Demographically, “the charedi parties show every indication they are only growing in influence. If you have families who are larger, you will be more significant. I think 25 percent of Israeli first graders this year are charedi.
“Secondly, every Israeli government is worried not just about who is in the coalition today, but what the next coalition will look like.”
Those Israelis looking to minimize charedi influence and liberalize that community were hopeful following the elections for the 19th Knesset in 2013, when a coalition was formed including Yair Lapid’s Yesh Atid party rather than the charedi parties. In keeping with Yesh Atid’s platform, the government passed laws that chipped away at ultra-Orthodox power, and even would have drafted members of that community. Before the end of 2014, however, Netanyahu called early elections, and again aligned his government with the charedim.
“The politics along with the demographics are structural things,” he said. “Thirdly, the divide between Israeli and American Jewry is also a divide over issues. An area where we at the AJC supported the Netanyahu government was with respect to the Iranian nuclear bomb. American Jews largely favored the Joint Comprehensive Plan of Action,” more often known as the Iran deal. “American Jews have to ask themselves what is the toll that assimilation is taking on American Jewish identity, and therefore on its relationship to Israel. Distance from matters Jewish also means distancing from Israel as well.
“The divide is growing greater on both sides of the spectrum.
“The picture should not be overly negative.

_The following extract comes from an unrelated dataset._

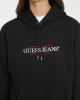 Guess jeans Gj Hood Os Amerıcan Tr Sweat Kadın Siyah Sweatshirt W4YQ15KC811-JBLK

Relations at the top are quite tight. American Jews in leadership posts are more invested in Israel than ever before. Israelis in leadership posts are spending more time here.
“Israel looms very high on the American Jewish radar screen. Birthright Israel was an extremely important initiative. It legitimated Israel in the American Jewish consciousness. The question is, what kind of Israel is looming large? Is it an Israel we can identify with, or a state that American Jews will instinctively recoil from? That’s where American Jewish voices needed to be heard.
“When the chief rabbi of Jerusalem says Reform Judaism is worse than Holocaust denial — besides the perverseness of it! — think of what impact that has on a critical mass of Reform Jews.”
Dr. Bayme said that his coalition has been targeting Israel’s modern Orthodox community, rather than the charedim. “We have tried dialoguing with them,” he said of the charedim. “It’s been relatively fruitless. The real swing vote is the national religious community. Some exciting things are happening in terms of Israeli modern Orthodoxy,” such as new conversion courts that are independent of the Orthodox chief rabbinate.
Granted the divide between Israel and American Jewry is real, but why is it important?
For one thing, it threatens political advocacy for Israel, Dr. Bayme said. “The U.S.-Israel relationship presupposes an American Jewish community that actively and assertively wants America to be standing behind Israel.” A weaker Israel-diaspora connection will lead to a weaker Israel-U.S. relationship — and a weaker Israel.
For another, it divides the world Jewish community and even the American Jewish community. “The pro-Israel consensus that developed after 1948 is falling apart,” he said.
But what bothers him the most, he said, as someone committed to the Jewish people, for whom the State of Israel is a central component, is “what kind of Jewish state are we talking about? Are we talking about a Jewish democratic state, or a state where all sorts of personal inconveniences will be administered by charedim? There’s currently a coalition crisis over train tracks being repaired on Shabbat. A Jewish state that imposes so many restrictions on what people do is something a lot of us will have a hard time relating to.”